--- START ---
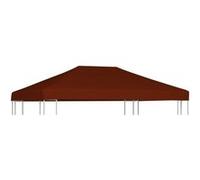 vidaXL Toit de pavillon 310 g/m² 3x4 m Terre cuite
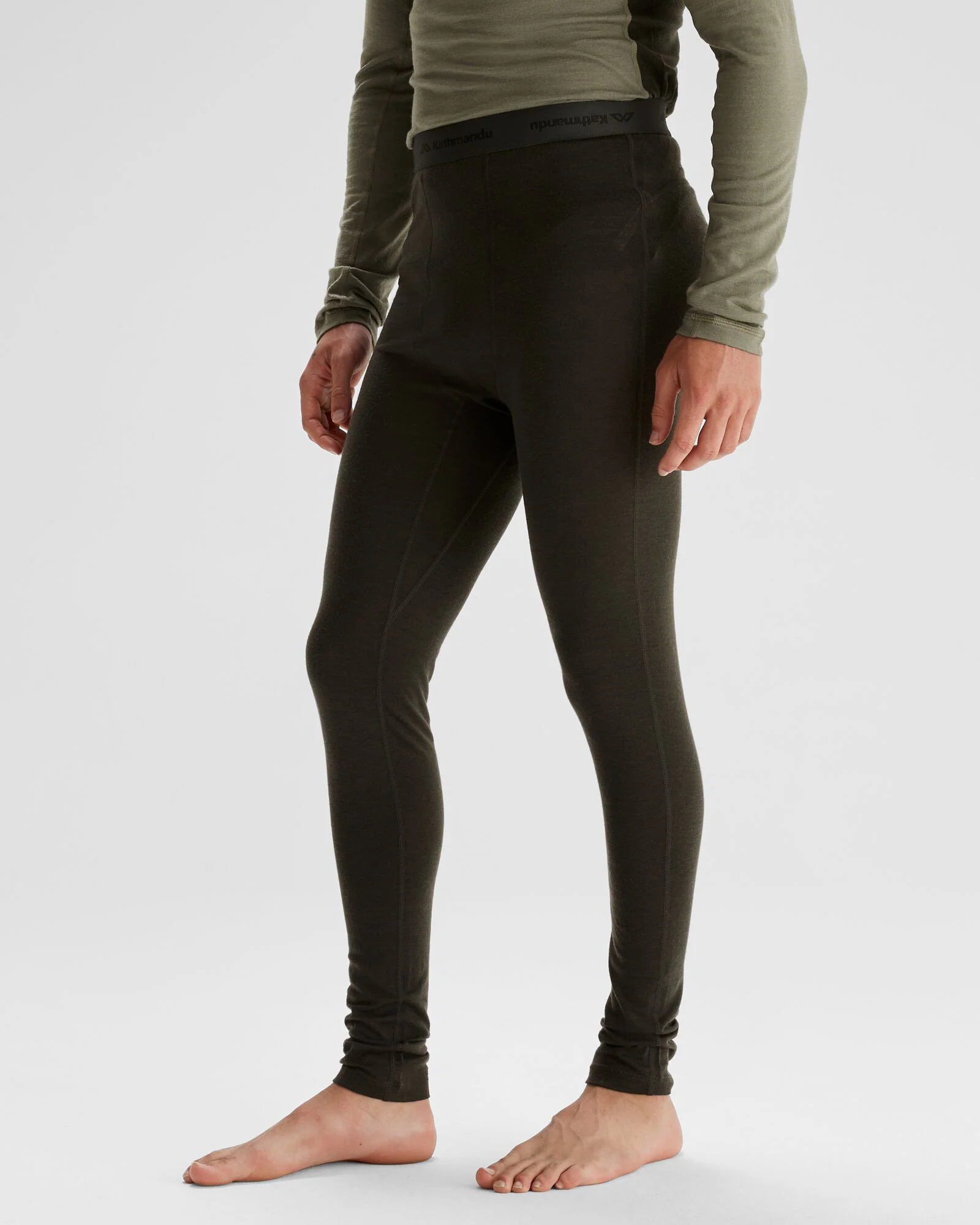 Men's K-Merino 125 Baselayer Long Johns - Dark Moss - Image 3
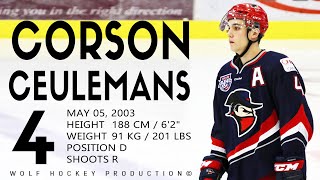 The Best Of Corson Ceulemans | Top Prospect For The NHL 2021 Draft | Hockey Highlights | HD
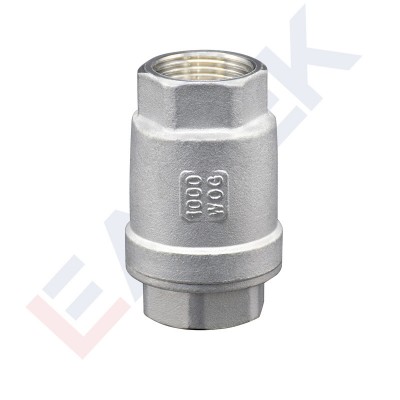 Ss Stainless Steel 2PC Spring Vertical Check Valve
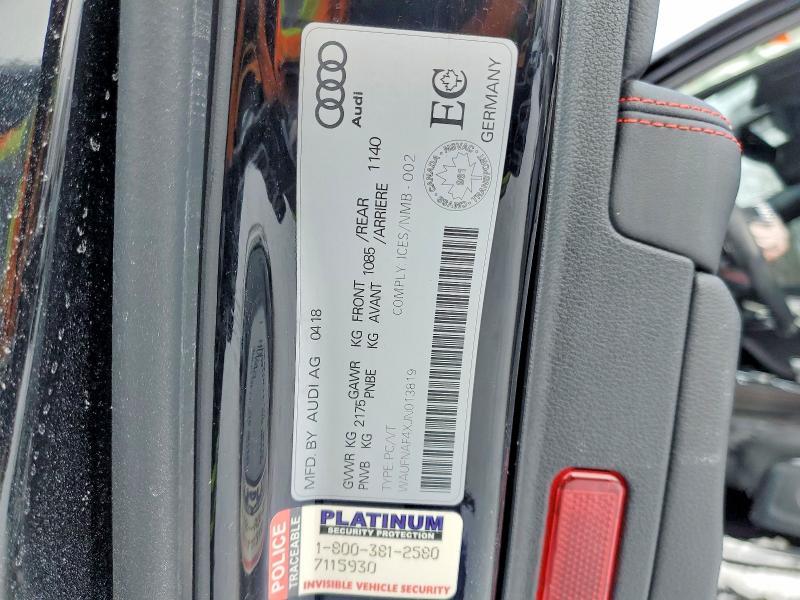 2018 Audi A4 Prestige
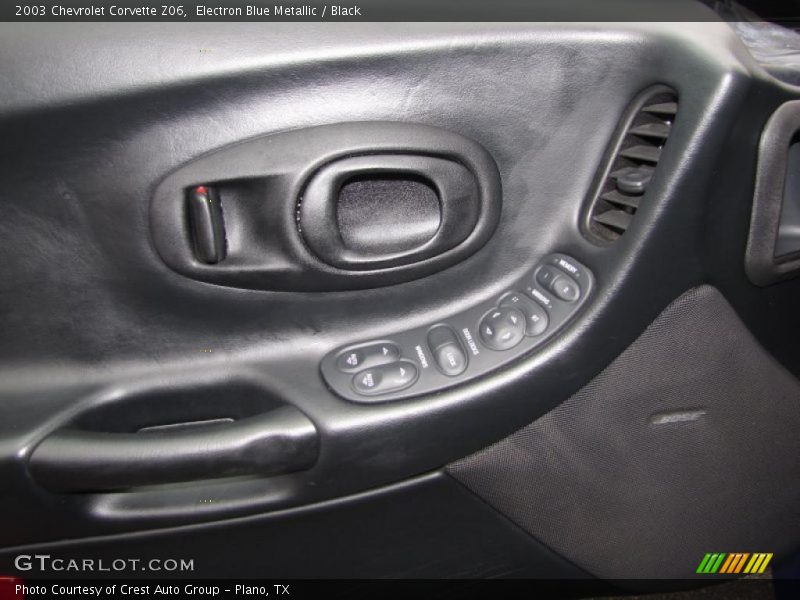 Electron Blue Metallic / Black 2003 Chevrolet Corvette Z06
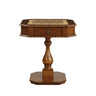 Bishop Reversible Chess Checker Game Table with Game Tray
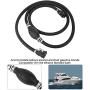 Marine Fuel Line Assembly, Yctze Marine Johnson 3/8in Boat Motor Fuel Gas Hose Line Assembly Primer Bulb Connector Black Primer Bulb Connector Johnson Gas Lineboat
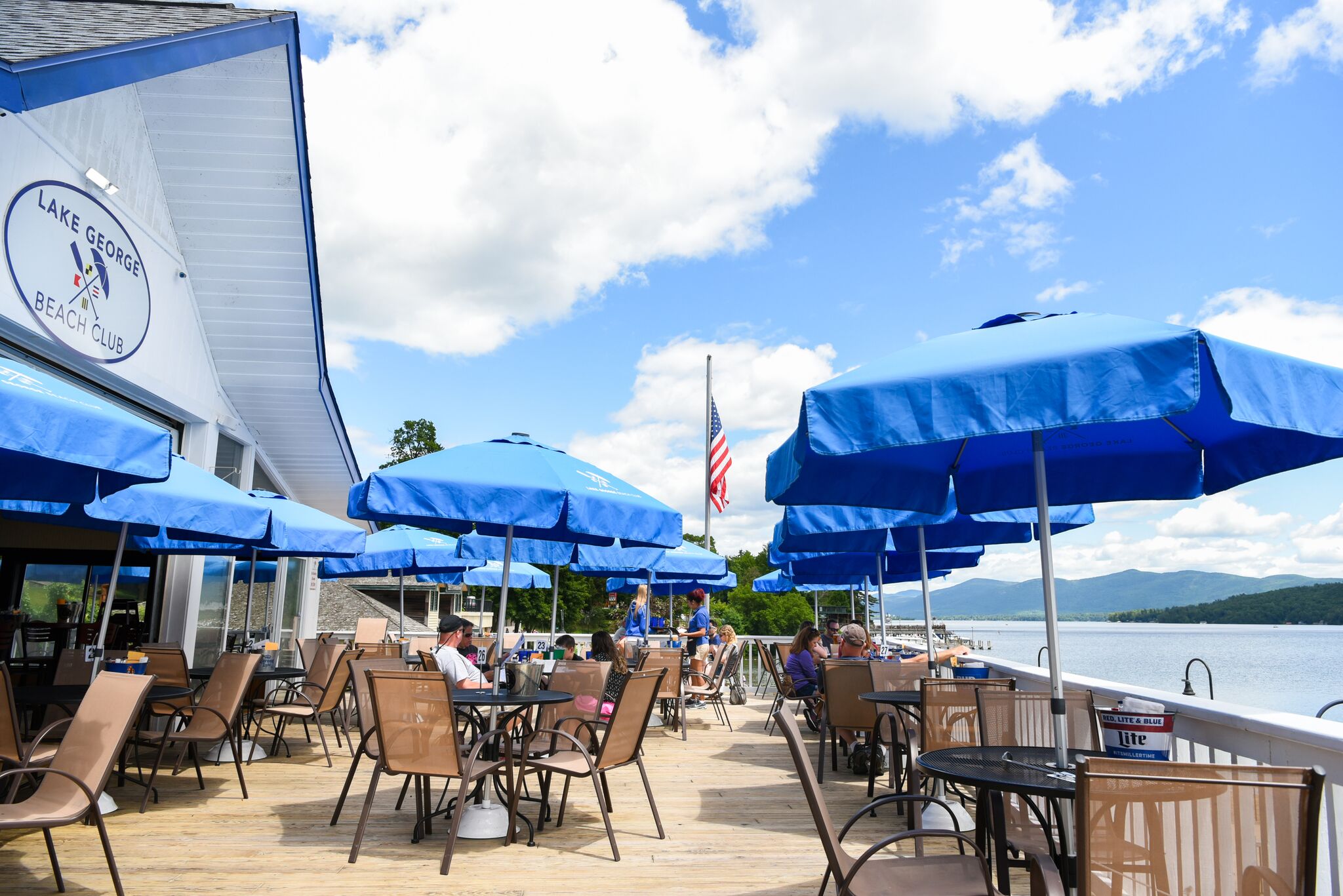 Picture of The Vented Bistro Patio Umbrella -- Commercial Quality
--- END ---
The material above holds pictures; leave them out. Repeat exactly the lines from the one containing "The Best Of" through the one containing "Bishop Reversible Chess", and nothing else.

 The Best Of Corson Ceulemans | Top Prospect For The NHL 2021 Draft | Hockey Highlights | HD
 Ss Stainless Steel 2PC Spring Vertical Check Valve
 2018 Audi A4 Prestige
 Electron Blue Metallic / Black 2003 Chevrolet Corvette Z06
 Bishop Reversible Chess Checker Game Table with Game Tray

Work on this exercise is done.